Claire Brunet is a sculptor and Associate Professor Chair of the Sculpture/Installation undergraduate program and Life Studies, she also teaches in the Digital Futures Graduate Program at OCAD University in Toronto. Brunet completed a PhD degree in Fine Arts, in the Special Individualized Program (SIP)/Interdisciplinary Program (INDI) at Concordia University in Montreal. Her research work explores expanded spatial boundaries and the influence of a 3D digital and technological context on the artist’s creative process in sculpture practice. Brunet’s sculpture projects propose temporal forces that stress the opposing values at work in a hypermodern society—a 3D digital and technological spatial approach as a mode of production, and a critical discourse with regards to living species and their relationship to their environment. Her most recent project is a virtual reality immersive experience based on the concept of identity.

 

Brunet has presented projects and papers at conferences in New Zealand, Australia, Paris, Belgium, Germany, Greece, and Canada.
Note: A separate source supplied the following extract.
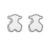 Серьги сталь CJH66848
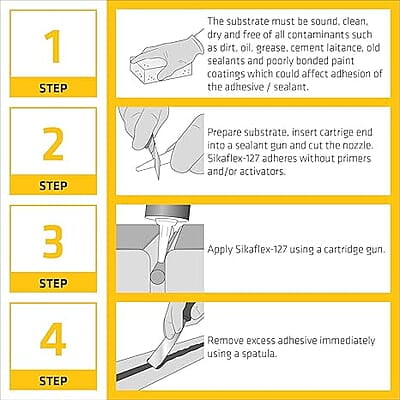 SIKA – Multipurpose sealant – Sikaflex 127 – Seals cracks and gaps –Interior/exterior use – Hybrid polyurethane-based – Easy apply – 600 ml –White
Her publications include: “Paradox in Sculpture: Hypermodernity, Nature and Digital Medium,” in S. Davis (ed.), Balance-Unbalance International Conference 2013, (Noosa, Australia); “Exploring Data Space,” in The Faculty of Art Newsletter (OCAD U, Toronto, 2012); “Extending Spatial Boundaries Through Sculpture Practices: Exploring Natural and 3D Technological Environments” in The International Journal of the Arts in Society (Illinois: CG Publishing, 2012); “McLuhan and Extended Environment: Affect and Effect of a 3D Digital Medium on Sculpture Practice,” in Y. Van Den Eede, J. Bauwens, J. Beyl, M. Van den Bossche, and K. Verstrynge (eds.), Proceedings of ‘McLuhan’s Philosophy of Media’ – Centennial Conference, October 2011 (Brussels: Royal Flemish Academy of Belgium for Science and the Arts).

 

As an artist-sculptor and researcher, Brunet’s ongoing interest in pushing the boundaries of artistic expression has led to a need to explore new spatial-temporal dimensions. Her research aims to extend traditional artist-medium boundaries in sculpture and to study how a change from an analogue to a 3D digital and technological context affects artists’ interaction with the environment and relation to objects in space. Her current research explores analogue and digital interactions through a conceptual exploration on themes of identity and representation. Brunet explores figuration at a time when technological developments influence our relationship with the self and provoke a questioning of the notion of identity. Her research investigates technological developments that influence the interaction of sculptural objects inside an enhanced understanding of spatial platforms from real to virtual reality: an exploration of new spatial directions allowing for an enhanced phenomenological approach to forming the viewer’s experience through interactive and immersive environment.